The Only Way Is Essex

Before we begin, I ought to make this clear: I am an Essex girl. Recently, there’s been a great surge of interest in my home county, with reality TV shows and self-styled ‘Essex celebrities’ hitting our headlines daily and nowadays, the word ‘Essex’ is enough to turn some of us on, but a lot of us off. As counties go, it’s probably the most maligned and ridiculed in the UK and there’s no escaping the stereotypes: lager lout wide-boys with flashy watches and bleach blonde ‘glamazons’, complete with fake tans, false nails and fast morals.

Although some might think this ‘Essex-mania’ is a recent fascination, the ‘Essex Man’ cliché has been in circulation since the 90s, with journalist Simon Heffer labelling him “young, industrious, mildly brutish and culturally barren”, more interested in his flash car and Rottweiler, than art or literature. And so, with Issue 110 of Litro Magazine focussing on Street Fiction and representing where you’re from, I thought it was high time I stood up for my home county and wrote a blog proving that Essex isn’t all about ‘vajazzles’ and mangled vowels. Far from being “culturally barren”, for art and literature lovers, Essex is an exciting place to be and below are just some of the things that ought to make us celebrate, rather than censure this home county. Who knows, maybe I’ll even convince you that perhaps the only way is Essex after all!

firstsite – Colchester, Essex


As you may have learnt in English History lessons at school, Colchester is Britain’s oldest recorded town and home to plenty of Roman, Norman and Saxon artefacts and sites of interest. Once upon a time, it was the capital of the country. When Luke Wright, in his hilarious poem The Company of Men, wrote the lines “You see, I grew up in Colchester/Where very little culture stirs”, he obviously hadn’t been lucky enough to visit firstsite, a brand new, innovative cultural and social space with contemporary art at its heart, reinventing the traditional art gallery and exhibition centre.

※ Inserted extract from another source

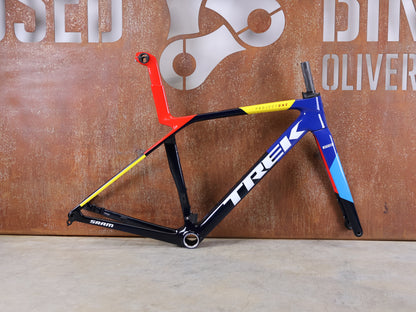 TREK MADONE SLR GEN 8 CARBON DISC FRAME SET NAVY SMOKE S 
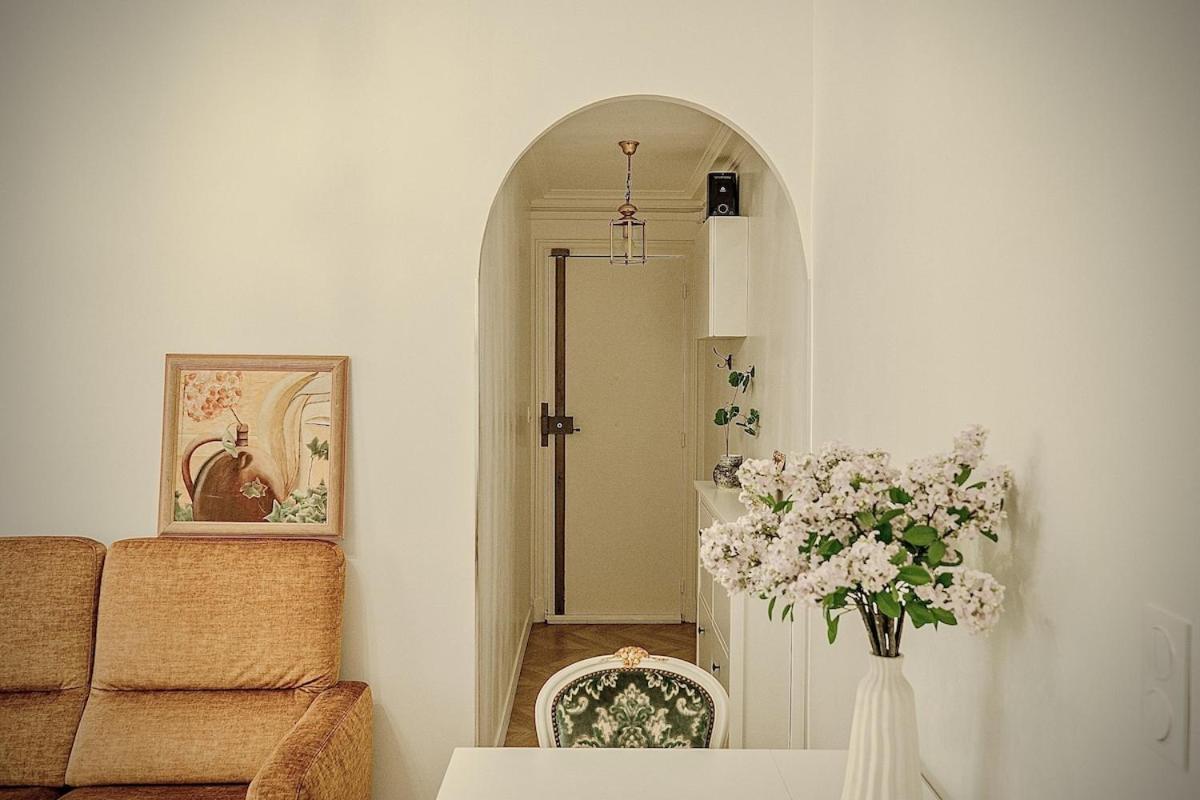 Sevres-lecourbe Romantic T2 Paris15 Apartment *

The striking crescent-shaped building, inspired by its Roman heritage and covered with a unique golden alloy, is not only a cultural landmark but also home to many exciting new exhibitions from international contemporary artists Michaela Eichwald, Aleksandra Mir, Karin Ruggaber and Danh Vo, as well as pieces by Turner and Andy Warhol. As the name suggests, firstsite is the first of its kind and, currently, you’ll only get a cutting edge creative space like it in Essex.

Essex Book Festival – Various locations in Essex

Held in March, Essex Book Festival 2011 may be over, but anticipation for next year’s festival, one of the biggest literary festivals in the UK, is already mounting. Notable authors who have attended recent festivals include Sir Andrew Motion, Germaine Greer, Penelope Lively, Margaret Drabble, Rose Tremain, Alexander McCall Smith and Martin Newell. The writer and journalist, Francis Wheen is also a patron of the festival and, in an interview for Essex Life Magazine, he pledged his support for the festival, asserting “I go to literary festivals all over the country, and abroad, and I know of none which is as diverse as ours…It reaches an incredibly wide range of people. Outsiders have the idea that Essex is some kind of philistine, illiterate swamp. They couldn’t be more wrong. It’s extraordinary how literary Essex really is.”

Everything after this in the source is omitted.